▸ **GIVEN MATERIAL**
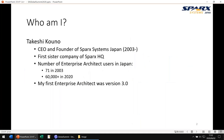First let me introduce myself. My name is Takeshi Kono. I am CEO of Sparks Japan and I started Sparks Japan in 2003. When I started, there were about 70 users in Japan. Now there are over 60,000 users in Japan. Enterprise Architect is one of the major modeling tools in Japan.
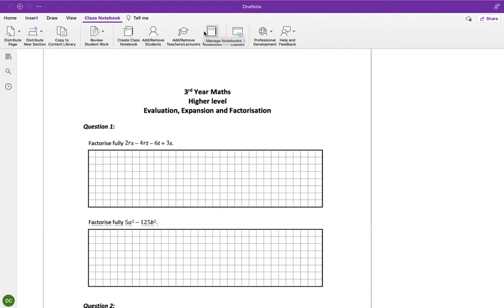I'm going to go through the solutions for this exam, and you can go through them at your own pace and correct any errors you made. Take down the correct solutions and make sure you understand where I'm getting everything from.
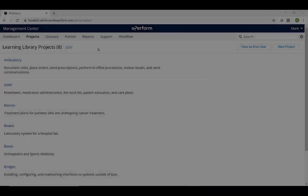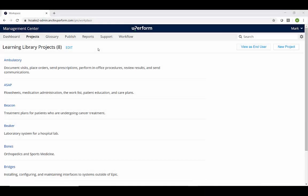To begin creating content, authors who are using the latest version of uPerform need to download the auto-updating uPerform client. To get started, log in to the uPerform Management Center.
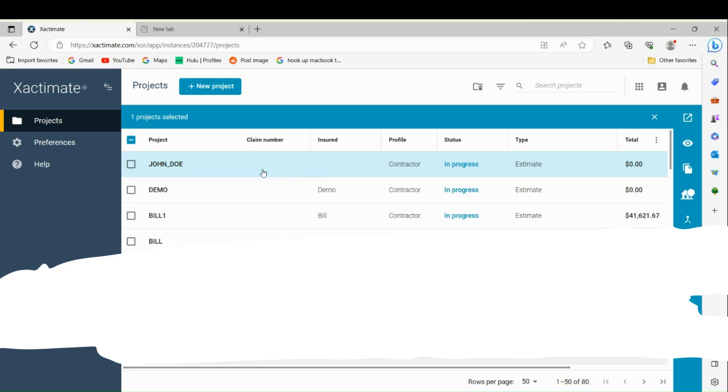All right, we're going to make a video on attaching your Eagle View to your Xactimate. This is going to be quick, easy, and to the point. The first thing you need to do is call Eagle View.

▸ **AIM OF THE TASK**
Please transcribe each line above exactly, but leave the images out.

▸ **EXERCISE ANSWER**
First let me introduce myself. My name is Takeshi Kono. I am CEO of Sparks Japan and I started Sparks Japan in 2003. When I started, there were about 70 users in Japan. Now there are over 60,000 users in Japan. Enterprise Architect is one of the major modeling tools in Japan.
I'm going to go through the solutions for this exam, and you can go through them at your own pace and correct any errors you made. Take down the correct solutions and make sure you understand where I'm getting everything from.
To begin creating content, authors who are using the latest version of uPerform need to download the auto-updating uPerform client. To get started, log in to the uPerform Management Center.
All right, we're going to make a video on attaching your Eagle View to your Xactimate. This is going to be quick, easy, and to the point. The first thing you need to do is call Eagle View.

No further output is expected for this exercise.